Last week I attended (and Tweeted about) some great sessions at the AEJMC meetings in St. Louis. This will be the first of a series of posts highlighting what I saw and heard.
This post looks at the award-winning creative projects from the Visual Communication Division. They include everything from a couple of civil rights documentary projects to teaching techniques for PR and media law classes.
- Joel Beeson’s team from WVU produced the top prize winning multimedia documentary project Soldiers of the Cornfield. The project tells the story of the only war memorial honoring the African American soldiers of World War I, located in the small town of Kimball, West Virginia.

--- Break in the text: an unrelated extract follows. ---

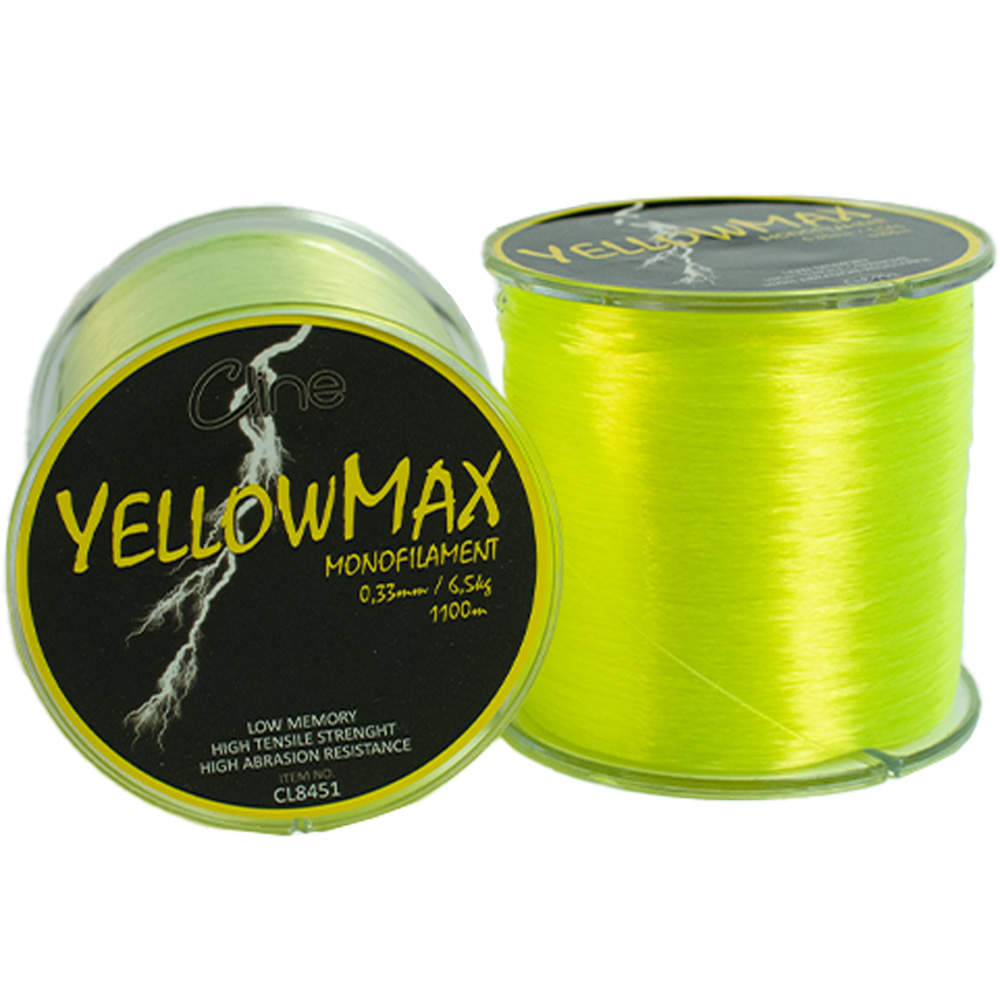 C LINE YELLOWMAX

- Berkley Hudson, University of Missouri, has been working for years on curating and preserving a massive collection of Mississippi photographs taken by O.N. Pruitt. Some of these images were on glass-plate negatives. Among the challenges Hudson faces is finding storage facilities, preserving negatives damaged by storms, and dealing with the tax code. Absolutely fascinating.

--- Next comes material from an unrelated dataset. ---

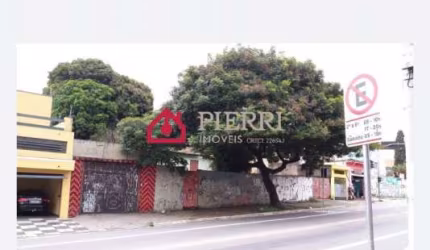 Terreno para construção Vila Nova Cachoeirinha, Avenida Deputado Cantidio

- Cynthia Nichols, Oklahoma State U, had a PR class that was getting bored with canned assignments. So she put them to work developing a campaign to promote a flashmob dance event to popularize the university’s new logo. A great project to engage students and teach them PR campaign techniques.
- Francesca Viola, at Temple U., presented on using a group blog to get students talking about First Amendment issues. She said she started the project, Blogging for Justice, because she said that the best way to teach journalism students anything was to have them produce a project.